-- Provided records follows --

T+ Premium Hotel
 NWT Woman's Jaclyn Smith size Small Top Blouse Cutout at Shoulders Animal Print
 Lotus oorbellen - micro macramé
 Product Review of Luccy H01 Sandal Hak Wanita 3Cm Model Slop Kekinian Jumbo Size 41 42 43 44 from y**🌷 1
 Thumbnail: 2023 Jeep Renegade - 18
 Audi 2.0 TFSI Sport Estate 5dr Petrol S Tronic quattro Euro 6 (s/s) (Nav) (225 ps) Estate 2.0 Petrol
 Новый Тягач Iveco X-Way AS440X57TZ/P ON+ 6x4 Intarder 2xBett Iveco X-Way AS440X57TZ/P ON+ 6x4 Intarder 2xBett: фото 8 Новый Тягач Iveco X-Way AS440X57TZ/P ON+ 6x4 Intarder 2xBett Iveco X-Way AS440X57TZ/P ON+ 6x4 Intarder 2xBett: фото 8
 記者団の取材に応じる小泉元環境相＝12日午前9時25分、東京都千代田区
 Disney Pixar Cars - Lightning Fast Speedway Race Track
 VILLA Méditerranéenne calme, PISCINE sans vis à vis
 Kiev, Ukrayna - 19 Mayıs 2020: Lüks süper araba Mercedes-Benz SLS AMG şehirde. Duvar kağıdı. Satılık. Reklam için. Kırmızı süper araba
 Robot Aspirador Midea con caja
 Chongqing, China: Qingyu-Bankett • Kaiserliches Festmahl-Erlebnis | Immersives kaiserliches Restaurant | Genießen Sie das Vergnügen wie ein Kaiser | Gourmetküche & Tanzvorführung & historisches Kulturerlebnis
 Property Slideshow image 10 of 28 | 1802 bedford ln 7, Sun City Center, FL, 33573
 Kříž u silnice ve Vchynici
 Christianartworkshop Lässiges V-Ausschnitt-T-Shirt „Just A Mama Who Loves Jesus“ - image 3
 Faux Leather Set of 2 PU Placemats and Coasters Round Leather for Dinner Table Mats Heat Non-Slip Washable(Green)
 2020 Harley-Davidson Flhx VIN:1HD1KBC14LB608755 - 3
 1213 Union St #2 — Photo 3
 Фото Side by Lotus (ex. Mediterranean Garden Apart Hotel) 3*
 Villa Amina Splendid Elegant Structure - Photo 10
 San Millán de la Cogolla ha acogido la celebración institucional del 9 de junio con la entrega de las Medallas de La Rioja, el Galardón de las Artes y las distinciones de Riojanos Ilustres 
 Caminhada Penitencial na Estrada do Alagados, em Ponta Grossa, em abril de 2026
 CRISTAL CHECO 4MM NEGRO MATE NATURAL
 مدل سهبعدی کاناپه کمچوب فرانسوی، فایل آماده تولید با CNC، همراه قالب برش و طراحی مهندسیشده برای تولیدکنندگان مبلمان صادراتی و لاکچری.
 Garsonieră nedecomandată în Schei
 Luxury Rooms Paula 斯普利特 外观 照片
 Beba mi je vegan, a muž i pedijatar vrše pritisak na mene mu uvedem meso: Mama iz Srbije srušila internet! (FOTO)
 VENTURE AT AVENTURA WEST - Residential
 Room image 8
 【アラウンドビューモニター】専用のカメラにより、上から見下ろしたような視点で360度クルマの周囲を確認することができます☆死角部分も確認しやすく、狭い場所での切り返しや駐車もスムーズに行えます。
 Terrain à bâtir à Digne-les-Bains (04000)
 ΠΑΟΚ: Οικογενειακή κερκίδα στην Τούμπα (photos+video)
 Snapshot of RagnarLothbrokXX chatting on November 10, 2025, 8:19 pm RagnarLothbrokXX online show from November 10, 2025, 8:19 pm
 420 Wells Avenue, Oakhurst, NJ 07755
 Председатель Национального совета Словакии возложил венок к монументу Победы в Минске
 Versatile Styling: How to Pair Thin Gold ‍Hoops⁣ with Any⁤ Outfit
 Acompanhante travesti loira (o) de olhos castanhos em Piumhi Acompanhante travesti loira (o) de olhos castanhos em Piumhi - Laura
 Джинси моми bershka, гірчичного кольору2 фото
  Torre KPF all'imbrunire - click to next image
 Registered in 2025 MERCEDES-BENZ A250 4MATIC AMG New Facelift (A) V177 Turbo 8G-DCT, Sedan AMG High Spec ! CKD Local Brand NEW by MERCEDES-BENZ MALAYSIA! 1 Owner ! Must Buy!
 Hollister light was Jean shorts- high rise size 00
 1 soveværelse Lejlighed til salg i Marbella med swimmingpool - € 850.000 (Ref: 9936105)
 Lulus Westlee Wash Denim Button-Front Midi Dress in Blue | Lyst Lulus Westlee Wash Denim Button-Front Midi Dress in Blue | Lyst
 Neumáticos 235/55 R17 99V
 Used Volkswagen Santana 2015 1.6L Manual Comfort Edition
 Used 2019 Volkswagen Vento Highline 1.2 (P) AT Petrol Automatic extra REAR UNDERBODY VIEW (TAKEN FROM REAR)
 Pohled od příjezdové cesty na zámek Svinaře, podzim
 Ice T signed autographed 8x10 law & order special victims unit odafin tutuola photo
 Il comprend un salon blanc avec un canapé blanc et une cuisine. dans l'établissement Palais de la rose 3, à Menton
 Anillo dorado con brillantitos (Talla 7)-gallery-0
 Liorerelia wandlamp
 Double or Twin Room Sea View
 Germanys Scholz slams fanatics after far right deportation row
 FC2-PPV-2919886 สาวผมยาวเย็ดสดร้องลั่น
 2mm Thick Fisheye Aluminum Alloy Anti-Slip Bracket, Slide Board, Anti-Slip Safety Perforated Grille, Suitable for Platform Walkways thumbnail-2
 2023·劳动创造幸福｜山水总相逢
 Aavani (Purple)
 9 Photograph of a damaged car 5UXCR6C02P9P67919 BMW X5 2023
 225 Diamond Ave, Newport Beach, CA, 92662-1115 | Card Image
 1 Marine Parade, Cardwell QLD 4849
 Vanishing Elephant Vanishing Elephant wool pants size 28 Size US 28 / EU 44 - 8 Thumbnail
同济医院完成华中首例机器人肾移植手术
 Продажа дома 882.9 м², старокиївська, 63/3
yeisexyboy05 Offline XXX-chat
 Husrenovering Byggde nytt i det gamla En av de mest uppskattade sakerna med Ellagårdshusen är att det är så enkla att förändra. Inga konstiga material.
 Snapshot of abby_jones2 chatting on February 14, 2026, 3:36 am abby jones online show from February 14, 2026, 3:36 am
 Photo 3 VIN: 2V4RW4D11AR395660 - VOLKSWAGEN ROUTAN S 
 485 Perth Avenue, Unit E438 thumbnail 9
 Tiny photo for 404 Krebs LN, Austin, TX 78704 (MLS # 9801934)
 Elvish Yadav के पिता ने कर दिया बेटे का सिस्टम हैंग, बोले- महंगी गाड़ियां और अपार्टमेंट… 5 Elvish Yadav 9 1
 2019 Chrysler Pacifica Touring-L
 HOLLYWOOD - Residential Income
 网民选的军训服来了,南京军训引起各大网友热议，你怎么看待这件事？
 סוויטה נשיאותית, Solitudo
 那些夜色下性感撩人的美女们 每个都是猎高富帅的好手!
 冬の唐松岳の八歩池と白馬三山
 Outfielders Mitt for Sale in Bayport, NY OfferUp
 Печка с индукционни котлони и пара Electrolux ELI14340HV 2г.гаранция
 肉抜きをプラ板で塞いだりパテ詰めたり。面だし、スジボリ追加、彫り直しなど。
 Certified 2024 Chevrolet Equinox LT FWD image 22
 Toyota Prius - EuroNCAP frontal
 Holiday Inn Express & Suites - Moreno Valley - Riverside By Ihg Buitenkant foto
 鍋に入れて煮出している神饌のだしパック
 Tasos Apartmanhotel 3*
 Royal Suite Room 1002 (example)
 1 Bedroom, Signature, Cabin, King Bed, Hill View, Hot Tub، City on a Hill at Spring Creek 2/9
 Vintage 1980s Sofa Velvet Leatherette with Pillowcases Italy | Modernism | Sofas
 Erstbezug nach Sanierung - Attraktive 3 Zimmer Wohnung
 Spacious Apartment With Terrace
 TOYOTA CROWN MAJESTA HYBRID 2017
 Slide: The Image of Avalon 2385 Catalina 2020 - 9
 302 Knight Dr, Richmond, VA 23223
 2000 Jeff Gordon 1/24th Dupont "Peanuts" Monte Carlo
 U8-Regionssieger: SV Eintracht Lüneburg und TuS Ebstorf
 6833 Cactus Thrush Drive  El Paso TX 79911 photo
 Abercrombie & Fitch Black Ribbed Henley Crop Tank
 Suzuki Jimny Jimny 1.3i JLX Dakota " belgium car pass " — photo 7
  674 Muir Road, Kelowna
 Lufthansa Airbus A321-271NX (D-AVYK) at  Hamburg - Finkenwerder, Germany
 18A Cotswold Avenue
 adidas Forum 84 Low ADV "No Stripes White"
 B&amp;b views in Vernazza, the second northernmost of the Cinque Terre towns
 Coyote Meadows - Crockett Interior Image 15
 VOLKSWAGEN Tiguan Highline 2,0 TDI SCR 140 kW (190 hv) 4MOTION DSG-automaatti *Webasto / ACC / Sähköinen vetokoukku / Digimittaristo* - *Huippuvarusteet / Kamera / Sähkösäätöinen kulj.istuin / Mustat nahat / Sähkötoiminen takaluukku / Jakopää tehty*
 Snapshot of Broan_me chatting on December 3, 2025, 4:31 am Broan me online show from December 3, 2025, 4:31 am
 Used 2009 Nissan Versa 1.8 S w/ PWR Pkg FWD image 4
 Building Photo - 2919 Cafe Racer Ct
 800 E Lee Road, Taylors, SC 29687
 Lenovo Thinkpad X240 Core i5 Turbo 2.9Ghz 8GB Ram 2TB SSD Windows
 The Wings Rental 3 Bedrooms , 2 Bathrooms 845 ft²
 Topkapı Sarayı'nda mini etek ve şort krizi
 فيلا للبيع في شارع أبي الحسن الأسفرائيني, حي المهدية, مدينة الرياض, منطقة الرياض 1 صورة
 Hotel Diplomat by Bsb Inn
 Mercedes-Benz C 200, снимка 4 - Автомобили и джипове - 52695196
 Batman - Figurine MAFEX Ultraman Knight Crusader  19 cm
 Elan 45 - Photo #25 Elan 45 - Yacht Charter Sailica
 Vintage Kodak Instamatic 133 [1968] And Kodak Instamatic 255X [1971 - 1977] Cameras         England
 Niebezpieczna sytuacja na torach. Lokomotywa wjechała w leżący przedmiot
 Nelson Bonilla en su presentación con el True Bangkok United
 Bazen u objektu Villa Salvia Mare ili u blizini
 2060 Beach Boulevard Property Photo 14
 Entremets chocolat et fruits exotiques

-- Provided records concluded --

§ Exercise description
The line containing "Coyote Meadows - Crockett Interior Image 15" and all lines after it, to the end of the records, are to be output exactly and alone.

§ Solution
 Coyote Meadows - Crockett Interior Image 15
 VOLKSWAGEN Tiguan Highline 2,0 TDI SCR 140 kW (190 hv) 4MOTION DSG-automaatti *Webasto / ACC / Sähköinen vetokoukku / Digimittaristo* - *Huippuvarusteet / Kamera / Sähkösäätöinen kulj.istuin / Mustat nahat / Sähkötoiminen takaluukku / Jakopää tehty*
 Snapshot of Broan_me chatting on December 3, 2025, 4:31 am Broan me online show from December 3, 2025, 4:31 am
 Used 2009 Nissan Versa 1.8 S w/ PWR Pkg FWD image 4
 Building Photo - 2919 Cafe Racer Ct
 800 E Lee Road, Taylors, SC 29687
 Lenovo Thinkpad X240 Core i5 Turbo 2.9Ghz 8GB Ram 2TB SSD Windows
 The Wings Rental 3 Bedrooms , 2 Bathrooms 845 ft²
 Topkapı Sarayı'nda mini etek ve şort krizi
 فيلا للبيع في شارع أبي الحسن الأسفرائيني, حي المهدية, مدينة الرياض, منطقة الرياض 1 صورة
 Hotel Diplomat by Bsb Inn
 Mercedes-Benz C 200, снимка 4 - Автомобили и джипове - 52695196
 Batman - Figurine MAFEX Ultraman Knight Crusader  19 cm
 Elan 45 - Photo #25 Elan 45 - Yacht Charter Sailica
 Vintage Kodak Instamatic 133 [1968] And Kodak Instamatic 255X [1971 - 1977] Cameras         England
 Niebezpieczna sytuacja na torach. Lokomotywa wjechała w leżący przedmiot
 Nelson Bonilla en su presentación con el True Bangkok United
 Bazen u objektu Villa Salvia Mare ili u blizini
 2060 Beach Boulevard Property Photo 14
 Entremets chocolat et fruits exotiques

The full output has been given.